Leave every image out, and print the remaining lines below exactly.

▶ **Available data**:
════════

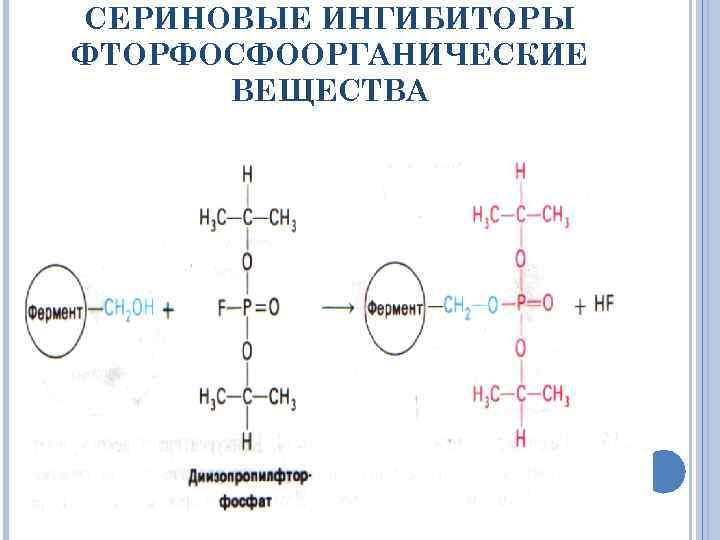 СЕРИНОВЫЕ ИНГИБИТОРЫ ФТОРФОСФООРГАНИЧЕСКИЕ ВЕЩЕСТВА 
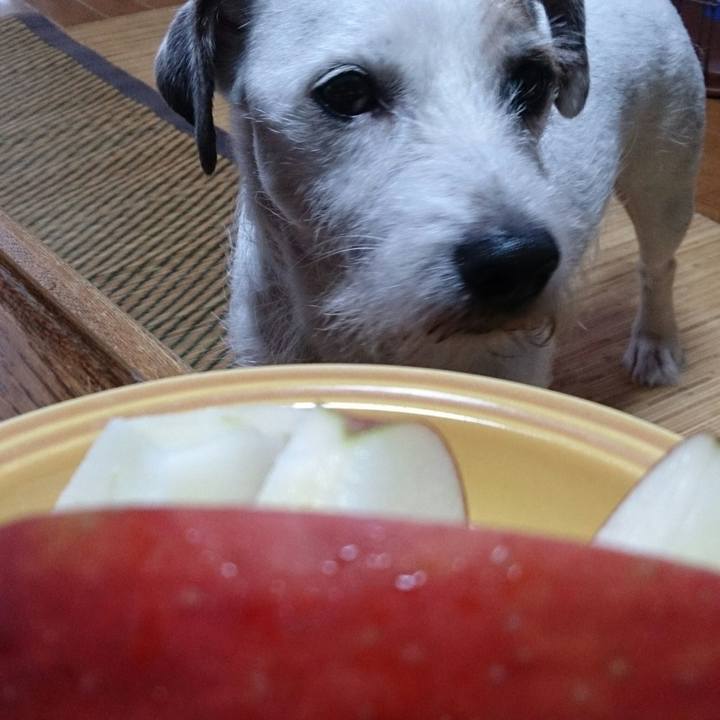 D73c4e5e 1e6a 4e40 8636 a20478ccb158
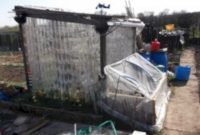 Amazing kid science's lab garden 22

════════

▶ **Answer section**:
 СЕРИНОВЫЕ ИНГИБИТОРЫ ФТОРФОСФООРГАНИЧЕСКИЕ ВЕЩЕСТВА 
 D73c4e5e 1e6a 4e40 8636 a20478ccb158
 Amazing kid science's lab garden 22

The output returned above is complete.